— Task prompt —
Pull out each line of the data that includes the word "Series".
:: Extracted data ::
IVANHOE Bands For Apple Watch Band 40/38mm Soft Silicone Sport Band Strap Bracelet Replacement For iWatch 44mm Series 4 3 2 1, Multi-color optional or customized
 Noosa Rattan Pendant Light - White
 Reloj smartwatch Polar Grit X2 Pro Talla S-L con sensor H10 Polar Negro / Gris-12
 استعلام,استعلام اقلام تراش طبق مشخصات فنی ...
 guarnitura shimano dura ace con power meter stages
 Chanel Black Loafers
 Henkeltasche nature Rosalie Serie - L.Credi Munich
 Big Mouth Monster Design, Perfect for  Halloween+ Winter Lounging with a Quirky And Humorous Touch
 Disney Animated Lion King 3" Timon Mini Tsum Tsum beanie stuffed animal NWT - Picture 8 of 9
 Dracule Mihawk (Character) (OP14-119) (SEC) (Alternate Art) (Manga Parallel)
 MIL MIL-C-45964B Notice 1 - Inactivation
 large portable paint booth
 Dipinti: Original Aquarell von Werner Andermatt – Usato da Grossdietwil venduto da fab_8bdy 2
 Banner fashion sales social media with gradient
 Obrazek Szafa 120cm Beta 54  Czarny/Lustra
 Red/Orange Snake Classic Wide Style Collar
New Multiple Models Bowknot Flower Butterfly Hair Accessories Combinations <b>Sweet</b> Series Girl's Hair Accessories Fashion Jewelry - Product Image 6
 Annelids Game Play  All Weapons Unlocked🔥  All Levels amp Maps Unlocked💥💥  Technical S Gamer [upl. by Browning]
:::
— Response to this exercise —
IVANHOE Bands For Apple Watch Band 40/38mm Soft Silicone Sport Band Strap Bracelet Replacement For iWatch 44mm Series 4 3 2 1, Multi-color optional or customized
New Multiple Models Bowknot Flower Butterfly Hair Accessories Combinations <b>Sweet</b> Series Girl's Hair Accessories Fashion Jewelry - Product Image 6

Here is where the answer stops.